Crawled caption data
>>>
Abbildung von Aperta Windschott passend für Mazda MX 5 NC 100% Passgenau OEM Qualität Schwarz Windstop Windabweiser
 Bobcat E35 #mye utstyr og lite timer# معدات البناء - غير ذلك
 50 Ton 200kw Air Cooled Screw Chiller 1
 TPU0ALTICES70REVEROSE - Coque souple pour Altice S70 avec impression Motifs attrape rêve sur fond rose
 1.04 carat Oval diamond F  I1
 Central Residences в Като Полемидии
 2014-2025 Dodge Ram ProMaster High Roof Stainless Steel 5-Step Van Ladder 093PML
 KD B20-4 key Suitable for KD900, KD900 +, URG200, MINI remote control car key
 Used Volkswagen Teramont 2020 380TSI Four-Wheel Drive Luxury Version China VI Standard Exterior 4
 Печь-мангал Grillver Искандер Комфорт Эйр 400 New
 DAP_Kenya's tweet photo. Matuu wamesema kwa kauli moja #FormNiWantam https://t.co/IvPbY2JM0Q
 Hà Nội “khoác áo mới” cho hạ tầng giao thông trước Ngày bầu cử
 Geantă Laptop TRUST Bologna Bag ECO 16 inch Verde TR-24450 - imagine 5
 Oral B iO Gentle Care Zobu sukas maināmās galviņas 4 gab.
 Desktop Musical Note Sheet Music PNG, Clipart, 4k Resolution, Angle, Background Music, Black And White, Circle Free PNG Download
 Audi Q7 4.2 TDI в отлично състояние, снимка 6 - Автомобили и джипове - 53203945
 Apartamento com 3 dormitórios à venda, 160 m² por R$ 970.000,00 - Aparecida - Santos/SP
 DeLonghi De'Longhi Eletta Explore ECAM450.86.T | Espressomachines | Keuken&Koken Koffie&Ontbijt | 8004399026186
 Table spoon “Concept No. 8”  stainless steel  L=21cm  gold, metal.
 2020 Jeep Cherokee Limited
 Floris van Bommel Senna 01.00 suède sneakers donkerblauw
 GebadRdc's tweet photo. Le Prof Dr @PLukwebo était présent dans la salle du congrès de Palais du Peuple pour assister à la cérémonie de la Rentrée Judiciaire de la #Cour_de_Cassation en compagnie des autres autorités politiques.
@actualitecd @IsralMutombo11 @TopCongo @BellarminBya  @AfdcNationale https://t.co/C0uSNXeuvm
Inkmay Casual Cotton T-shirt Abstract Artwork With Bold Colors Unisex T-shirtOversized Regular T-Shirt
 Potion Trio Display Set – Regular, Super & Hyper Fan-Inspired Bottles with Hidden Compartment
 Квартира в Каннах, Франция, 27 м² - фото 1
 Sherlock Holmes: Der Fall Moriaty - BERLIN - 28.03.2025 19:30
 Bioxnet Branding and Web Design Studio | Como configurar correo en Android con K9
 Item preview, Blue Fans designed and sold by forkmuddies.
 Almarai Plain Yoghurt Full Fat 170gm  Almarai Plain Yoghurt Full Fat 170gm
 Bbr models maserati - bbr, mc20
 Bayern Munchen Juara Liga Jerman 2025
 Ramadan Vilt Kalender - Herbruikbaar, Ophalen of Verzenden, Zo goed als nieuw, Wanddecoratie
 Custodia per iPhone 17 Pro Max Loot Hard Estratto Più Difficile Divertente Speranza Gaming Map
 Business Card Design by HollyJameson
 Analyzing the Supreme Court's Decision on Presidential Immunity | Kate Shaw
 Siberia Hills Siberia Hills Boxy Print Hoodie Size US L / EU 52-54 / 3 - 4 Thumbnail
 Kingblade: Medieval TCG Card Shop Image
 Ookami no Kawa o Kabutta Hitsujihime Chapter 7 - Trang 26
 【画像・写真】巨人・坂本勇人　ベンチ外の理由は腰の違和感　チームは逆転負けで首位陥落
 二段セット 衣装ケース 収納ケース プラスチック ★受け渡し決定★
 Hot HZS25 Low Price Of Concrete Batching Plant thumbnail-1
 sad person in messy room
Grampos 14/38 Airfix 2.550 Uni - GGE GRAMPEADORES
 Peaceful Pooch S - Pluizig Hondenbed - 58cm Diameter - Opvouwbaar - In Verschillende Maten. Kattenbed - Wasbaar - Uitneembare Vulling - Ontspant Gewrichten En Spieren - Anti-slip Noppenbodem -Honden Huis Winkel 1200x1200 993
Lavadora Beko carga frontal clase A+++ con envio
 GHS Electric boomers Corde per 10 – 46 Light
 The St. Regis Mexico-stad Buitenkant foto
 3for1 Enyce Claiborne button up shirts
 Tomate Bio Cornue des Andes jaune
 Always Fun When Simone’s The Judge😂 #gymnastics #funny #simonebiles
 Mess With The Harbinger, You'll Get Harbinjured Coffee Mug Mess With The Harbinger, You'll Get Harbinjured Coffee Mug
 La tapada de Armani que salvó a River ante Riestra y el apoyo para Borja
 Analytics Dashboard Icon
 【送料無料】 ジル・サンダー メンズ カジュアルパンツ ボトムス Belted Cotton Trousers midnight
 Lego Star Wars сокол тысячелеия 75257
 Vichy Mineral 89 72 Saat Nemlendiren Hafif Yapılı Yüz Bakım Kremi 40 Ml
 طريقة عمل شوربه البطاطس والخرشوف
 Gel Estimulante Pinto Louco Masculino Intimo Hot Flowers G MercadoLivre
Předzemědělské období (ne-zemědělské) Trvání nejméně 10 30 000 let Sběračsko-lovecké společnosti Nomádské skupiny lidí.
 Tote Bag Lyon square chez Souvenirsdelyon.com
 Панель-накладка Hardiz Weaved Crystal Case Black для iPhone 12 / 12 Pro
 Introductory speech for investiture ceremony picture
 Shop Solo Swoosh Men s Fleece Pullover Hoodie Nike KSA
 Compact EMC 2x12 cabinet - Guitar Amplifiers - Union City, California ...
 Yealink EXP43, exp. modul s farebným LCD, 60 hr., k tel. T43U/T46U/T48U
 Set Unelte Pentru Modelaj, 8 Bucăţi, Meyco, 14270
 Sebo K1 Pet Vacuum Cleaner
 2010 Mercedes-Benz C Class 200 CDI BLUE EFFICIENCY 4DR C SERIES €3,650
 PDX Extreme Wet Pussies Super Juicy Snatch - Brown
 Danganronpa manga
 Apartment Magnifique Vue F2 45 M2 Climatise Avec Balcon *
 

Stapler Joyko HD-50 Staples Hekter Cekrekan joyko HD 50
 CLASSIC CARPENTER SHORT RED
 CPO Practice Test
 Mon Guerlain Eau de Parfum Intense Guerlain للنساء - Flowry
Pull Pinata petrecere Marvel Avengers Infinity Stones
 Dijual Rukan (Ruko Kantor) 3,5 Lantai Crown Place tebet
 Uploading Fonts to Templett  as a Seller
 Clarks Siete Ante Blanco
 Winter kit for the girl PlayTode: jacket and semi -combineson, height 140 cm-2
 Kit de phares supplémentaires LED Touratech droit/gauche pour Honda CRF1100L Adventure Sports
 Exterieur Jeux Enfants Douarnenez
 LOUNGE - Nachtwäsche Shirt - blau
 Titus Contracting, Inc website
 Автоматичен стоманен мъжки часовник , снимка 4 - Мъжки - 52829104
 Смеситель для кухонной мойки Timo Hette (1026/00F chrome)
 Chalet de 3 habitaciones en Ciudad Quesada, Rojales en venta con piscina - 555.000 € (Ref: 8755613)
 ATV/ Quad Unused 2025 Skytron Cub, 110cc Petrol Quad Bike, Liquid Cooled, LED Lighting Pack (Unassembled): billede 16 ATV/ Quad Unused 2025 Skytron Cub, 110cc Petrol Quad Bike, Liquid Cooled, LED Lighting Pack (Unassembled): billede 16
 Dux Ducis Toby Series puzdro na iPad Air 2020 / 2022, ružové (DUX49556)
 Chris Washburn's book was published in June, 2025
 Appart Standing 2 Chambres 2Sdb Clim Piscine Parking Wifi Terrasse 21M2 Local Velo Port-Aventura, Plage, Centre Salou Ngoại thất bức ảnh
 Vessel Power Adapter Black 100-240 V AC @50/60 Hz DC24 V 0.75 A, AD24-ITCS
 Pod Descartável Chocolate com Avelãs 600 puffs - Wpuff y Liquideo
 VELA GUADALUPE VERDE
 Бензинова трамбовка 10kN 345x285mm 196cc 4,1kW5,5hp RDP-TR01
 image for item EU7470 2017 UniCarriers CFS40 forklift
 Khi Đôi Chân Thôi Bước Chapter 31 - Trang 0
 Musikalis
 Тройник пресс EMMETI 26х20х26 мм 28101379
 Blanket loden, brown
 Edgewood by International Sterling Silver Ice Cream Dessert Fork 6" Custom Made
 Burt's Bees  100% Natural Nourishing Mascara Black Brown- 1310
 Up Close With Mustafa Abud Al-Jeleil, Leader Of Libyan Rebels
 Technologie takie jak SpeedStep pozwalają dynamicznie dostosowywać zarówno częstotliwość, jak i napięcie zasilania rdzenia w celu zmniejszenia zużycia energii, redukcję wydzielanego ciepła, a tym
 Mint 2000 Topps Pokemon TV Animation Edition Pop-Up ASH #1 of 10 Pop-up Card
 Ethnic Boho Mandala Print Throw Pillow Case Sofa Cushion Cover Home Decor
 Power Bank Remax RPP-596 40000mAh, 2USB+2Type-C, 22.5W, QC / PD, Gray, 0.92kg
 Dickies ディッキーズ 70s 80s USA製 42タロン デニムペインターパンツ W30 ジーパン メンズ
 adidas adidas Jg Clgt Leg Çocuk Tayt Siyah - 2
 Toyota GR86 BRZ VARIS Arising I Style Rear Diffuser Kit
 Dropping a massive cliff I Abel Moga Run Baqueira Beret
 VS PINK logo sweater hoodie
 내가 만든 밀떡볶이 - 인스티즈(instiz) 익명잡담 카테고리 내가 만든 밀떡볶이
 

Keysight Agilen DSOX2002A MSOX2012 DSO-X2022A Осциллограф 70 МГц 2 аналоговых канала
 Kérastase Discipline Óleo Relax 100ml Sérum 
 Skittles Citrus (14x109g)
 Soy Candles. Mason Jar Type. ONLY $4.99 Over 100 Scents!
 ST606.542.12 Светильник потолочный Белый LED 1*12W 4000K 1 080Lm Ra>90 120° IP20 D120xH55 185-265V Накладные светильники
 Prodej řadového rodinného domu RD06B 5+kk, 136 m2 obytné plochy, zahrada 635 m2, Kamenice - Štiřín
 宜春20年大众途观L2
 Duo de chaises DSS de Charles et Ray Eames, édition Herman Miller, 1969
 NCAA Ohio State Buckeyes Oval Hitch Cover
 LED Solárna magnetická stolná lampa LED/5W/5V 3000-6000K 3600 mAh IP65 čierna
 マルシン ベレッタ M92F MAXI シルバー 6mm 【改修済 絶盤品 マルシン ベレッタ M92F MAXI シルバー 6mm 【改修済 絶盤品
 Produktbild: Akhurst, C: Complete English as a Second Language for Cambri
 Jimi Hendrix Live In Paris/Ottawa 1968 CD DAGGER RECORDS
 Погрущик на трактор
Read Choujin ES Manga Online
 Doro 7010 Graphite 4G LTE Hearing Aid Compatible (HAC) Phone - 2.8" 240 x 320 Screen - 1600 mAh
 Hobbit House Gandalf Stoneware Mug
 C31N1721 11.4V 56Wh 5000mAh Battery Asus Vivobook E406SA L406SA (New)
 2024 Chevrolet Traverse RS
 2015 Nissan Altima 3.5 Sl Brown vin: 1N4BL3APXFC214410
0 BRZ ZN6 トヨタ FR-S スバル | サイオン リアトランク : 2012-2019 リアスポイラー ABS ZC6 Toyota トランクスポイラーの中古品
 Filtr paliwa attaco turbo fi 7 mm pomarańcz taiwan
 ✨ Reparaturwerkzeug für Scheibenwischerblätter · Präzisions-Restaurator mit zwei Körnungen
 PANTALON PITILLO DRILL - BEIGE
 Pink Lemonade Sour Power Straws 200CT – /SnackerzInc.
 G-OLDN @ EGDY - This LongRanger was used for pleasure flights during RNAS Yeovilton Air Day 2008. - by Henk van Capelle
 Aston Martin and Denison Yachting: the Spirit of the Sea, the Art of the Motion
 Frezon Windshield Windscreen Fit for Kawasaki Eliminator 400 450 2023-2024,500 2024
<<<
- _What you will do_
Starting from the first line of the records above, retype each line exactly up to and including the one that contains "1.04 carat Oval", and nothing more.

- _Result of the exercise_
Abbildung von Aperta Windschott passend für Mazda MX 5 NC 100% Passgenau OEM Qualität Schwarz Windstop Windabweiser
 Bobcat E35 #mye utstyr og lite timer# معدات البناء - غير ذلك
 50 Ton 200kw Air Cooled Screw Chiller 1
 TPU0ALTICES70REVEROSE - Coque souple pour Altice S70 avec impression Motifs attrape rêve sur fond rose
 1.04 carat Oval diamond F  I1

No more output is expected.